Chapter 8 – Theoretical Biophysics 333
The value of γ/m = 1/τ is a measure of the collision frequency between the biomolecule
atoms and water molecules, where τ is the mean time between collisions. For example, for
individual atoms in a protein, τ is in the range 25–50 ps, whereas for water molecules, τ is
~80 ps. The limit of high γ values is an overdamped regime in which viscous forces dominate
over inertial forces. Here τ can for some biomolecule systems in water be as low as ~1 ps,
which is a diffusion (as opposed to stochastic) dominated limit called Brownian dynamics.
The equation of motion in this regime then reduces to the Smoluchowski diffusion equation,
which we will discuss later in this chapter in the section on reaction–diffusion analysis.
One effect of applying a stochastic frictional drag term in LD is that this can be used to
slow down the motions of fast-moving particles in the simulation and thus act as feedback
mechanism to clamp the particle speed range within certain limits. Since the system tem
perature depends on particle speeds, this method thus equates to a Langevin thermostat (or
equivalently a barostat to maintain the pressure of the system). Similarly, other nonstochastic
thermostat algorithms can also be used, which all in effect include additional weak frictional
coupling constants in the equation of motion, including the Anderson, isokinetic/Gaussian,
Nosé–Hoover, and Berendsen thermostats.
8.2.8 COARSE-GRAINED SIMULATION TOOLS
There are a range of coarse-grained (CG) simulation approaches that, instead of probing the
exact coordinates of every single atom in the system independently, will pool together groups
of atoms as a rigid, or semirigid, structure, for example, as connected atoms of a single amino
acid residue in a protein, or coarser still of groups of residues in a single structural motif
in a protein. The forces experienced by the components of biological matter in these CG
simulations can also be significantly simplified versions that only approximate the underlying
QM potential energy. These reductions in model complexity are a compromise to achieving
computational tractability in the simulations and ultimately enable larger length and time
scales to be simulated at the expense of loss of fine detail in the structural makeup of the
simulated biological matter.
This coarse-graining costs less computational time and enables longer simulation times to
be achieved, for example, time scales up to ~10−5 s can be simulated. However, again there is a
time scale gap since large molecular conformational changes under experimental conditions
can be much slower than this, perhaps lasting hundreds to thousands of microseconds.
Further coarse-graining can allow access into these longer time scales, for example, by
pooling together atoms into functional structural motifs and modeling the connection
between the motifs with, in effect, simple springs, resulting in a simple harmonic potential
energy function.
Mesoscale models are at a higher length scale of coarse-graining, which can be applied
to larger macromolecular structures. These, in effect, pool several atoms together to create
relatively large soft-matter units characterized by relatively few material parameters, such
as mechanical stiffness, Young’s modulus, and the Poisson ratio. Mesoscale simulations can
model the behavior of macromolecular systems potentially over a time scale of seconds, but
clearly what they lack is the fine detail of information as to what happens at the level of specific
single molecules or atoms. However, in the same vein of hybrid QM/MM simulations, hybrid
mesoscale/CG approaches can combine elements of mesoscale simulations with smaller
length scale CG simulations, and similarly hybrid CG/MM simulations can be performed,
with the strategy for all these hybrid methods that the finer length scale simulation tools
focus on just highly localized regions of a biomolecule, while the longer length scale simula
tion tool generates peripheral information about the surrounding structures.

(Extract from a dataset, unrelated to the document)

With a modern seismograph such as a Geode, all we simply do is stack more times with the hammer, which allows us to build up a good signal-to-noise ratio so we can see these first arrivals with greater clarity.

Hybrid QM/MM approaches are particularly popular for investigating molecular docking
processes. that is, how well or not a small ligand molecule binds to a region of another larger
molecule. This process often utilizes relative simple scoring functions to generate rapid
estimates for the goodness of fit for a docked molecule to a putative binding site to facilitate
fast computational screening and is of specific interest in in silico drug design, that is, using
computational molecular simulations to develop new pharmaceutical chemicals.